Tobacco Factory Mechanicks of Richmond and Manchester.

Footnote 9:

In 1860, there were in Virginia $66,000,000 of capital invested in 1675 miles of railroad, distributed over sixteen lines. This estimate includes 287 miles of the Baltimore and Ohio Road. In all the important roads except this, the State is a principal shareholder. The management of some of them has always been loose and uneconomical.
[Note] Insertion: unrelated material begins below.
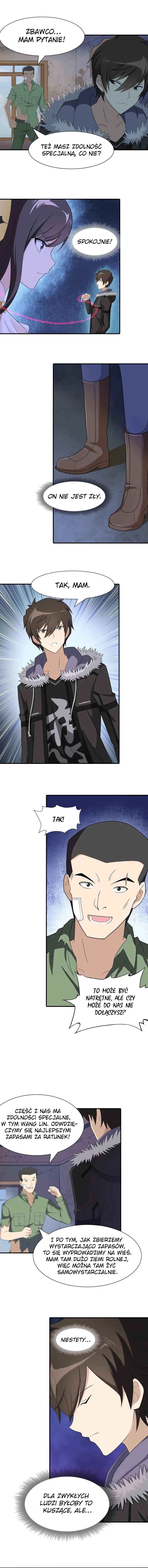 My Girlfriend Is a Zombie Chapter 90 - Page 4
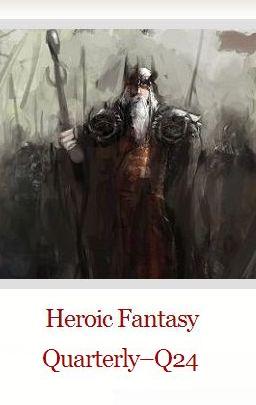 Heroic Fantasy Quarterly 24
Governor Pierpoint wisely recommends a consolidation of certain lines:—“On the south side of James River we have the Norfolk and Petersburg, South-Side, Virginia and Tennessee, and the Richmond and Danville railroads. These roads are under the management of four different corps of officers, employed at remunerative salaries. Three of these roads form a continuous line of about four hundred miles, and all three of them afford business for the fourth. By working these roads separately a car is loaded at Norfolk with freight for Danville or Abingdon; it is brought to Petersburg to the South-Side Road, and there transferred from the Norfolk to a South-Side car; thence it is taken to Burkeville, where it is again transferred to a Danville car,—if its destination is to that town,—or taken to Lynchburg and reshipped on the Virginia and Tennessee Road, if it goes to Abingdon. In these transactions the cars are delayed, thereby causing a much larger investment in rolling-stock to accommodate the business of these roads, in addition to the labor required to load and unload the freight, besides exposing the merchandise to loss and delaying its transportation. The Baltimore and Ohio Railroad, with the Northwestern Virginia and Washington branches, is nearly as long as the four roads above named, and the gross earnings of that railroad is about three times as great, the charges for passengers and freight being thirty-three per cent. less than on the Virginia roads referred to; yet the whole business of the Baltimore and Ohio road is done by one corps of officers with moderate salaries. There is the same reason for consolidating the Orange and Alexandria and Virginia Central Roads.”